◆ **Task instructions**
Emit a verbatim copy of the lines below from the line with "横長の金色の細い額に絡まる薄いピンクオレンジのバラの花の蔓" through the line with "Arbeitsblatt: Informationen über Brandenburg", excluding pictures and everything outside that range.
═══ Exercise input
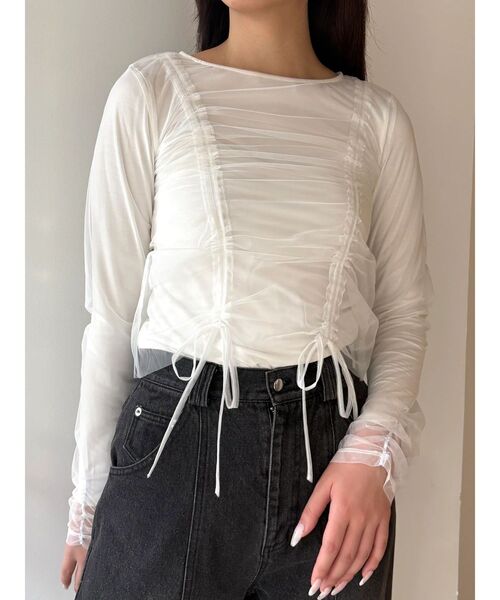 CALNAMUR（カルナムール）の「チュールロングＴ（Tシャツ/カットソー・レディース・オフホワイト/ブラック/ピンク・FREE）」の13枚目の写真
══════
═══ Exercise input
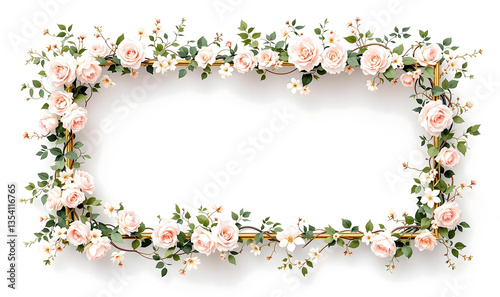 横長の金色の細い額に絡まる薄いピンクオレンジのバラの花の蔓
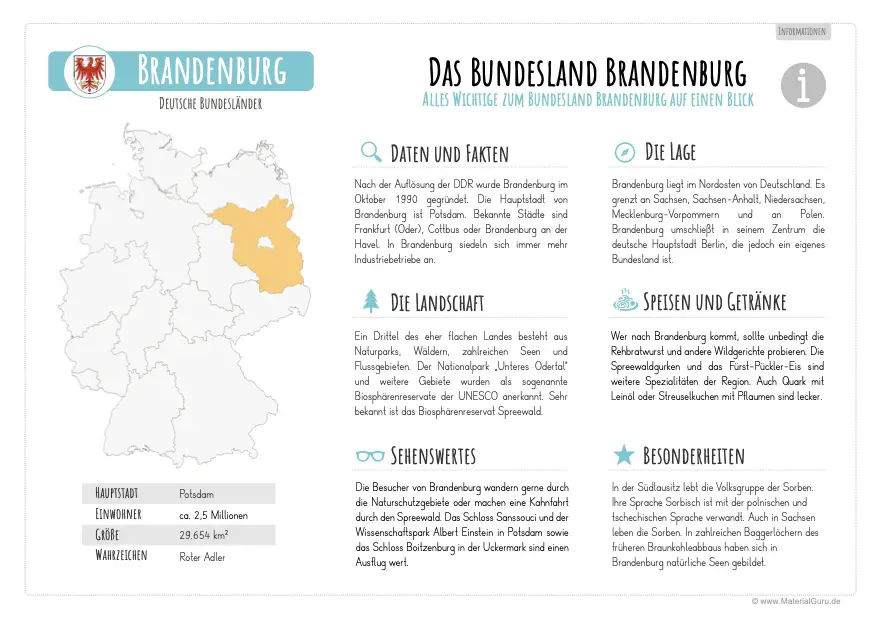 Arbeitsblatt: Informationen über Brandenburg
══════
◆ **Result of this task**
 横長の金色の細い額に絡まる薄いピンクオレンジのバラの花の蔓
 Arbeitsblatt: Informationen über Brandenburg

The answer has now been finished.